Scaling Laws for Neural Language Models

Overview

This is the canonical early scaling-law paper for language models, authored by Kaplan et al. at OpenAI. It demonstrated that neural language model cross-entropy loss follows smooth power-law relationships with model size (N), dataset size (D), and compute budget (C) over seven orders of magnitude. These remarkably clean empirical laws enabled principled resource allocation for training and fundamentally changed how the field reasoned about the interplay of parameters, data, and compute.

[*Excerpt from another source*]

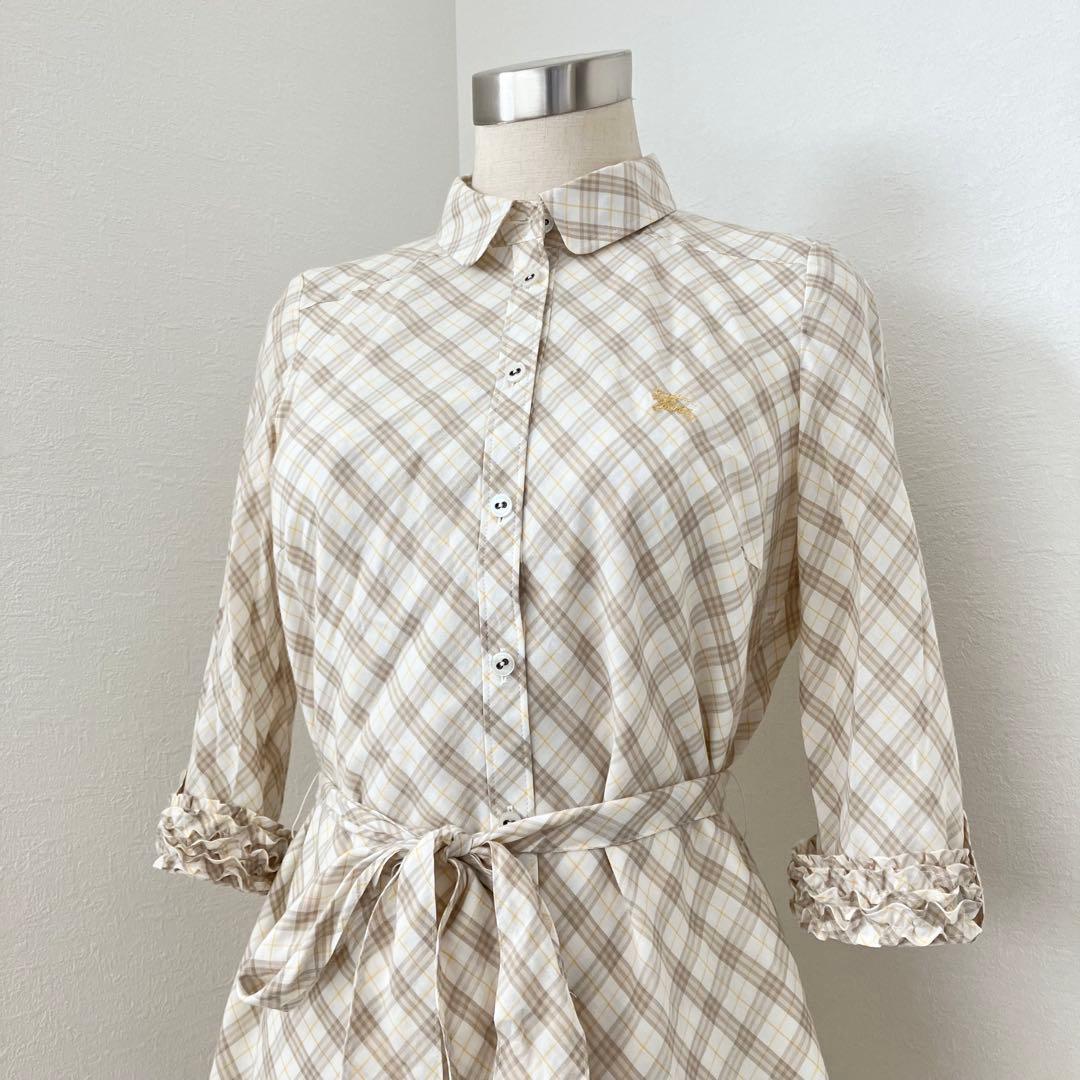 BURBERRY BLUE LABEL✨チェック柄　シャツワンピース　38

The paper's most consequential finding was that architecture details (depth vs. width, number of attention heads) matter far less than total non-embedding parameter count for predicting performance. This redirected massive research investment away from architecture search toward simply making models bigger. The controversial recommendation to "train large, stop early" -- allocating most compute to model size rather than data -- directly influenced GPT-3 training decisions.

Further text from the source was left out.